WHAT YOU NEED TO DO ->
Retype the listing below line for line, but only from the line with "panama bachelor party" down to the line with "Appartement, Terrasse, Jardin, Parking", inclusive. Pictures stay out.

MATERIAL FOR THE TASK ->

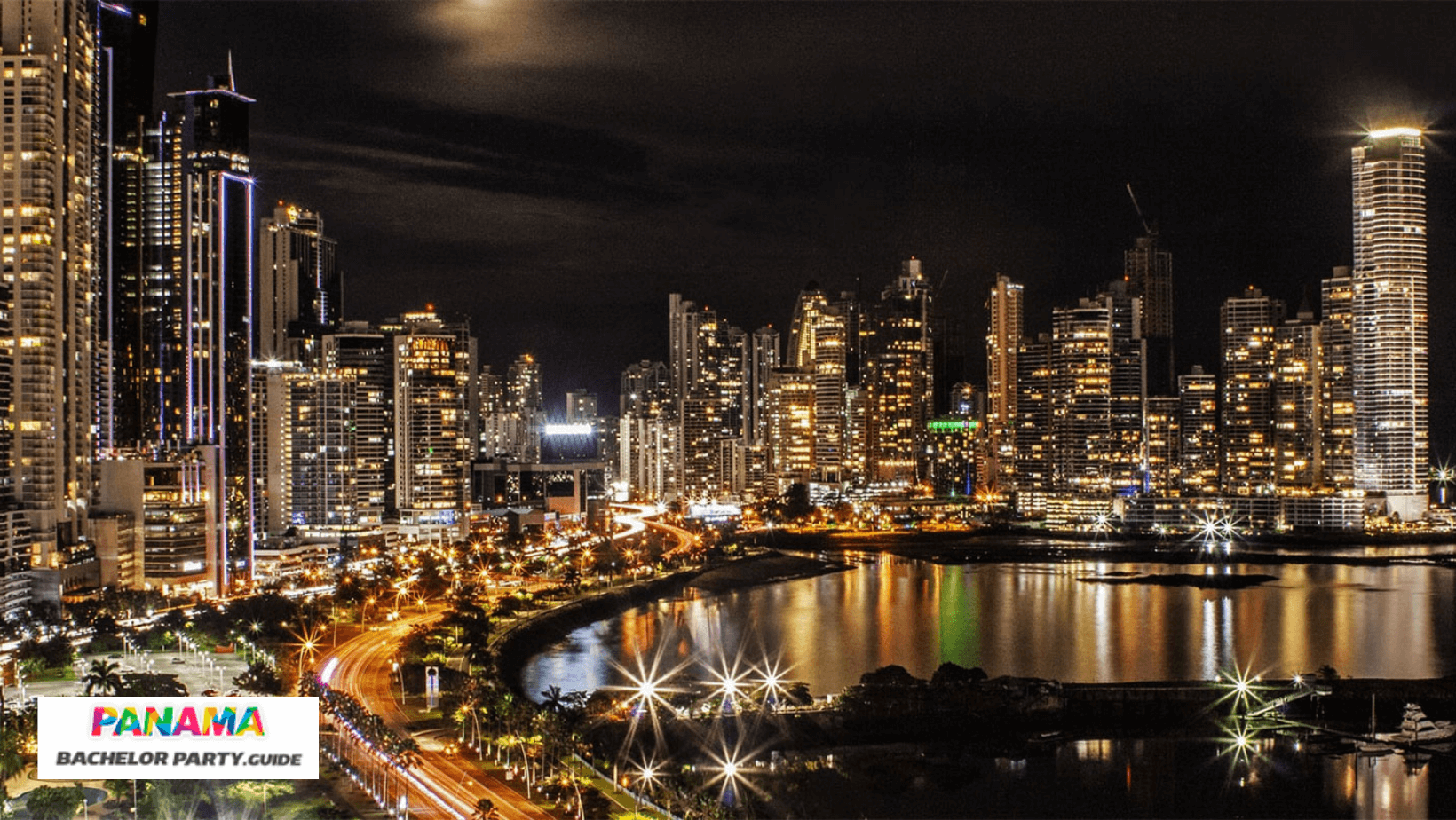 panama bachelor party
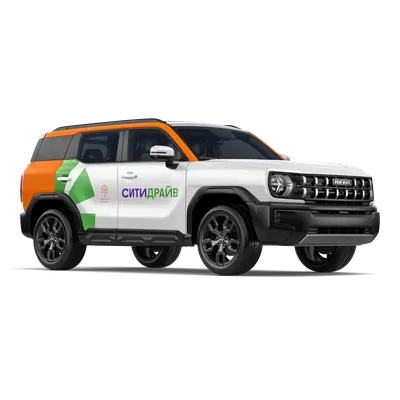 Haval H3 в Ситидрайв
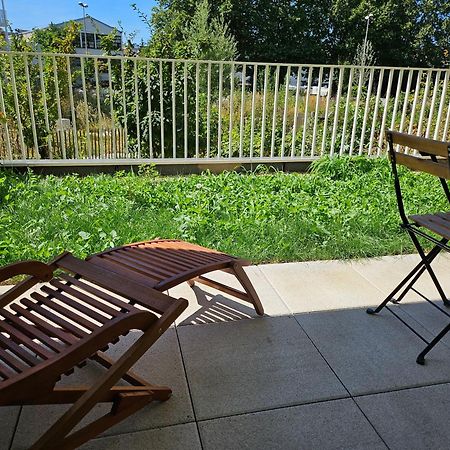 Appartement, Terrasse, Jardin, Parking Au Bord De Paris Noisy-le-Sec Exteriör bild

---

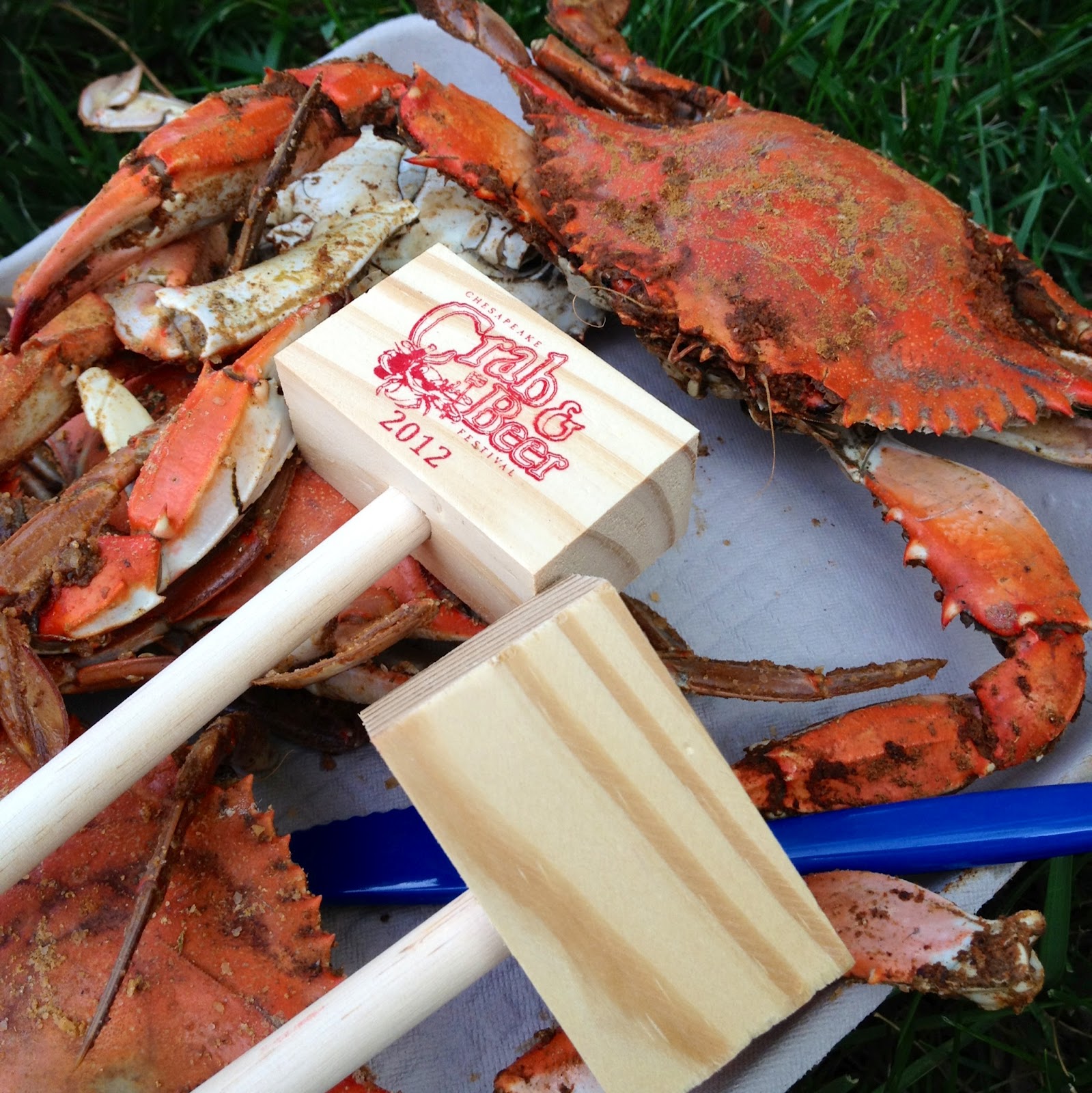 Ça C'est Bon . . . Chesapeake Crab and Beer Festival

WRITTEN ANSWER ->
 panama bachelor party
 Haval H3 в Ситидрайв
 Appartement, Terrasse, Jardin, Parking Au Bord De Paris Noisy-le-Sec Exteriör bild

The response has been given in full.